I have the following dataset:
import pandas as pd
from pmdarima import auto_arima
url_train_a = 'https://raw.githubusercontent.com/oreilly-mlsec/' + \
'book-resources/master/chapter3/datasets/cpu-utilization/cpu-train-a.csv'
df_train_a = pd.read_csv(url_train_a, parse_dates=[0], infer_datetime_format=True)
And I can see that the column date time was converted to the right format:
df_train_a.head(10)
datetime cpu
0 2017-01-27 18:42:00 1.14
1 2017-01-27 18:43:00 1.10
2 2017-01-27 18:44:00 1.09
3 2017-01-27 18:45:00 1.08
4 2017-01-27 18:46:00 1.08
5 2017-01-27 18:47:00 1.08
6 2017-01-27 18:48:00 1.15
7 2017-01-27 18:49:00 1.13
8 2017-01-27 18:50:00 1.09
9 2017-01-27 18:51:00 1.06
But when trying to apply the auto_arima function, I get this error:
stepwise_model = auto_arima(df_train_a, start_p=1, start_q=1,
max_p=3, max_q=3, m=12,
start_P=0, seasonal=True,
d=1, D=1, trace=True,
error_action='ignore',
suppress_warnings=True)
TypeError: The DType <class 'numpy.dtype[datetime64]'> could not be promoted by <class 'numpy.dtype[float64]'>. This means that no common DType exists for the given inputs. For example they cannot be stored in a single array unless the dtype is `object`. The full list of DTypes is: (<class 'numpy.dtype[datetime64]'>, <class 'numpy.dtype[float64]'>)

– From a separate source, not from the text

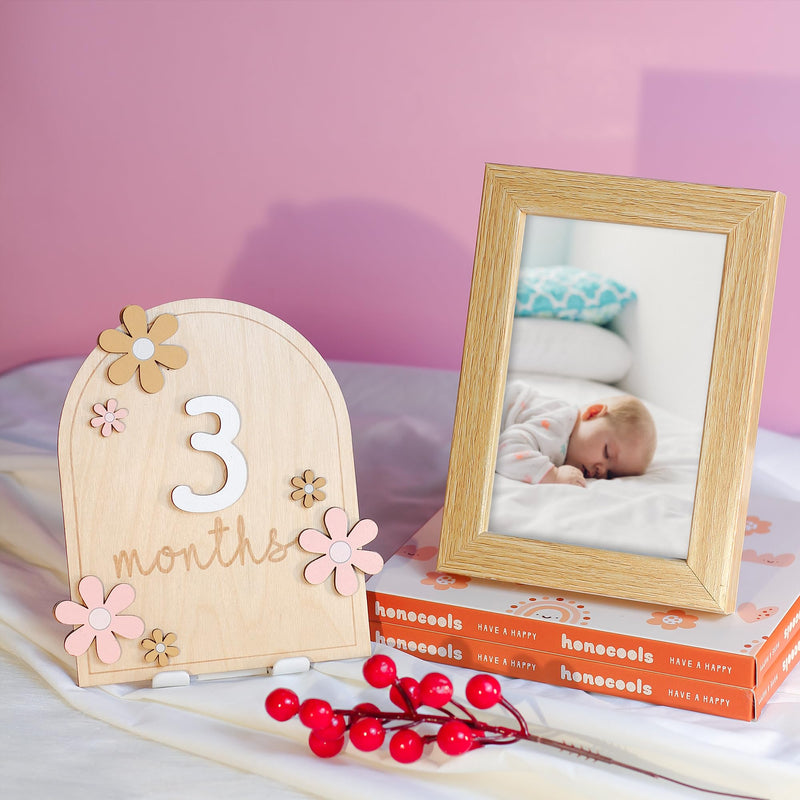 Baby Monthly Milestone Cards - Wooden Monthly Milestone Discs - Newborn Photography Props to Document Your Baby´s Growth - Baby Announcement Sign (AA Flower) AA Flower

I tried to detect some NaNs (perhaps NaNs should be converted to NaTs) and checked this:
df_train_a[df_train_a['datetime'].isnull()]
# No NaNs detected
df_train_a.describe(datetime_is_numeric=True)
datetime cpu
count 420 420.000000
mean 2017-01-27 22:11:29.999999744 1.233262
min 2017-01-27 18:42:00 0.570000
25% 2017-01-27 20:26:45 0.787500
50% 2017-01-27 22:11:30 1.110000
75% 2017-01-27 23:56:15 1.582500
max 2017-01-28 01:41:00 2.550000
std NaN 0.505668
What I am doing wrong? Is it something with the library?